▶ Problem requirements: Among the entries below, take the line with "2023 Ford F-150 XLT Sport 5-1/2' Box" and the line with "Tormod Backed Cane Dining Chair - Threshold™ 12", and output them and every line between them exactly, with nothing else.

Material supplied Block Start

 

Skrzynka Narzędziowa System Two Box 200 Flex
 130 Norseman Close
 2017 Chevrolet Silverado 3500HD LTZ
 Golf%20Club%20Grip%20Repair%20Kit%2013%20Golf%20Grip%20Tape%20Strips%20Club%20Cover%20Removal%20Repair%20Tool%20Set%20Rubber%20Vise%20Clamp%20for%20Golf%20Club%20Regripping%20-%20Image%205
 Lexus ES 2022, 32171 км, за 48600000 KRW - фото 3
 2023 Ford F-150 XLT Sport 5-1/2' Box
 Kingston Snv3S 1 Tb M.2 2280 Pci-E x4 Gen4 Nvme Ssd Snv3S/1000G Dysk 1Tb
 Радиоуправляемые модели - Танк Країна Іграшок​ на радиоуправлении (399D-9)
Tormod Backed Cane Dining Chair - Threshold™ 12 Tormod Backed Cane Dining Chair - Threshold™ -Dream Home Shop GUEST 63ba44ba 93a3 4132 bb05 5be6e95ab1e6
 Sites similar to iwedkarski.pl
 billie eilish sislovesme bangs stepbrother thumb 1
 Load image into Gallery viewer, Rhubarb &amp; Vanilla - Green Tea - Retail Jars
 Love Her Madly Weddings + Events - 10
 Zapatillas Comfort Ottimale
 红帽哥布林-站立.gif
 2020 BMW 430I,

Material supplied Block End
Material supplied Block Start

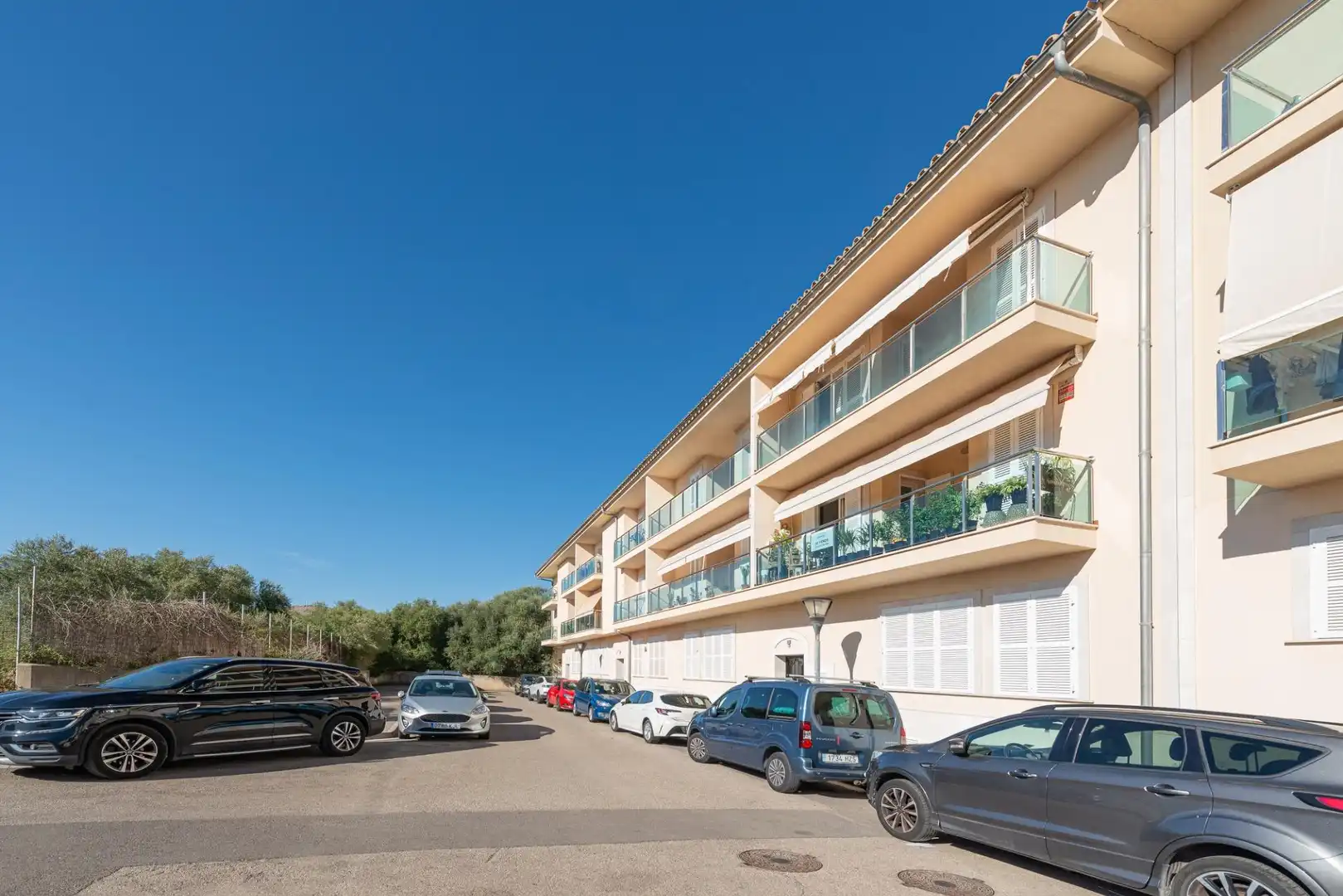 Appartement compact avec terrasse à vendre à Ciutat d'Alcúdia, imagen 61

Material supplied Block End

▶ Solution:
 2023 Ford F-150 XLT Sport 5-1/2' Box
 Kingston Snv3S 1 Tb M.2 2280 Pci-E x4 Gen4 Nvme Ssd Snv3S/1000G Dysk 1Tb
 Радиоуправляемые модели - Танк Країна Іграшок​ на радиоуправлении (399D-9)
Tormod Backed Cane Dining Chair - Threshold™ 12 Tormod Backed Cane Dining Chair - Threshold™ -Dream Home Shop GUEST 63ba44ba 93a3 4132 bb05 5be6e95ab1e6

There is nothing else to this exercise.